En contravía de estas realidades, las estructuras políticas globales colombianas, me refiero a las que tienen poder efectivo, se han ido formando alrededor de sectores fundamentalmente de raza blanca, poquísimos sectores de raíz mestiza, desde luego ninguno de origen indígena ni de origen negro. Los primeros, herederos de familias hispánicas y de algunos troncos familiares producto de la inmigración proveniente de otros países europeos, tales como alemanes e ingleses principalmente, establecidos en sucesivas oleadas en el altiplano central del país y en los ricos valles intercordilleranos.
Estos grupos heredaron el espíritu, si no la letra, de las estructuras hispánicas coloniales, signadas por el centralismo y el autoritarismo, amén de haber heredado también un desprecio histórico por las razas indígenas y por los esclavos negros, provenientes del Africa en primer lugar, y en segundo lugar de la región del Caribe, que habían sido traídos al país como mano de obra para el campo y para los crecientes núcleos urbanos.
La búsqueda para encontrar la “identidad” colombiana, la “identidad” nacional, es una tarea de múltiples frentes, y en ocasiones sacude a instituciones del estado, y a pequeños sectores progresistas de las clases dominantes, incluyendo a los medios de comunicación. Esta tarea nos ha permitido acercarnos a algunas conclusiones tentativas, en donde la “identidad” es, por llamarlo de alguna manera, la identidad de la “dominación”, es decir, la “identidad” de las clases dominantes, que la beben de influencias y fuerzas que llegan de fuera, importadas y empacadas, en el presente, de manera primordial en la irresistible cultura norteamericana.

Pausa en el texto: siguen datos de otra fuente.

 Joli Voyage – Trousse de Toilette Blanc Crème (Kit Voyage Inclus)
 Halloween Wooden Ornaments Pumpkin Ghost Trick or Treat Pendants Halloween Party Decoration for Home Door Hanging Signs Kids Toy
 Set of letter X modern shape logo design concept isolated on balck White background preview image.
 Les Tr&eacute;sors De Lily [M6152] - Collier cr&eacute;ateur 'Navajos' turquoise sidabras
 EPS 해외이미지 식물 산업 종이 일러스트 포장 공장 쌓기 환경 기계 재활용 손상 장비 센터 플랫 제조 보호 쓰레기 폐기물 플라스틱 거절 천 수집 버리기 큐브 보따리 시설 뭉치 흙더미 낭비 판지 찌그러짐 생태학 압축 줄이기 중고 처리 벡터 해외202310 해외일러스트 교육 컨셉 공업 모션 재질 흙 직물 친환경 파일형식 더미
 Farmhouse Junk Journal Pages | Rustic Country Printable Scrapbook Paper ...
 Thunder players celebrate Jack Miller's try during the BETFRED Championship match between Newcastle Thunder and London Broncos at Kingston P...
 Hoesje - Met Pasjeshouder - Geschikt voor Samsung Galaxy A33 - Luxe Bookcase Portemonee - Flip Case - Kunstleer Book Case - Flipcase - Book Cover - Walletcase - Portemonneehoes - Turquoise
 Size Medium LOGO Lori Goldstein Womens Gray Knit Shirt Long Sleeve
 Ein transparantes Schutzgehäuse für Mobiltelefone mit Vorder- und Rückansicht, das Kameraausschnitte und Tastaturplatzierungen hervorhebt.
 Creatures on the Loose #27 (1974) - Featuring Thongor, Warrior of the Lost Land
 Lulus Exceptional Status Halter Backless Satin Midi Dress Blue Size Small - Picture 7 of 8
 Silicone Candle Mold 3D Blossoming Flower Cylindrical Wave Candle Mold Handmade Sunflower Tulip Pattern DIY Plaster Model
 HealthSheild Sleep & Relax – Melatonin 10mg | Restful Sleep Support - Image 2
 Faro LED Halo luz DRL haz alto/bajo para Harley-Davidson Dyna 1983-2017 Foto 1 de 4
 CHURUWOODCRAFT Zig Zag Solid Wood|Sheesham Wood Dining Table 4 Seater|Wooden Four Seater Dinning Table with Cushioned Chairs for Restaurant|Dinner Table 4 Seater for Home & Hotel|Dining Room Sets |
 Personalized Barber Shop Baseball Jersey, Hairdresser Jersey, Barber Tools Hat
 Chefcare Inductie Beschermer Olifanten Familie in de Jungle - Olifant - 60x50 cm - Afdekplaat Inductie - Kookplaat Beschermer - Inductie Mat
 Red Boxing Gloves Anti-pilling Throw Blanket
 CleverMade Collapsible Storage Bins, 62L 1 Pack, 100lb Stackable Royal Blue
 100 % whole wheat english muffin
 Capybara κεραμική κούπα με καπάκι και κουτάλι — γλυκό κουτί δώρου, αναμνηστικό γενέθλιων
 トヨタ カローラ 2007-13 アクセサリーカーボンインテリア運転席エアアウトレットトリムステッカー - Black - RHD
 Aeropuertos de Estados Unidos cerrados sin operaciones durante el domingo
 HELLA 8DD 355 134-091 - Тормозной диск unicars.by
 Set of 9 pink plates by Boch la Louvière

Es así cómo lo nativo, lo propio, al no participar –por fuerza-- de este concepto alienado, se torna “exótico”, “foráneo”, y en el mejor de los casos se incorpora al “folclor”. Lo propio, la raíz de lo propio, se convierte entonces en marginación. Y a través de los medios de comunicación se produce un constante martilleo, un constante machacar, de estos conceptos, de manera casi subliminal, que han ido impregnando la percepción ciudadana a lo largo de nuestra historia, formando el imaginario de nuestra cultura.
El resultado es que identidades frágiles dentro de nuestra sociedad, llamémoslas frágiles en el sentido de que son más indefensas económica y socialmente, pues pertenecen a las clases más pobres, son identidades cada vez más precarias, aunque posean gran dimensión y significado cultural e histórico (por ejemplo, las negritudes, o los afrocolombianos como ahora se denominan, o las culturas indígenas que aún sobreviven).
Estas identidades se encuentran ante el predicamento de que lo suyo no sólo no es valorado intrínsecamente, sino además disminuido como si fuera un elemento de cultura inferior, y entonces las personas pertenecientes a esas minorías deben resignarse a vivir dentro de una cierta marginalidad, si no adoptan las características de los sectores dominantes, características culturales, características de lenguaje, incluso características en el vestir y en los gustos. El ser auténtico se torna un pasaporte a la marginalidad".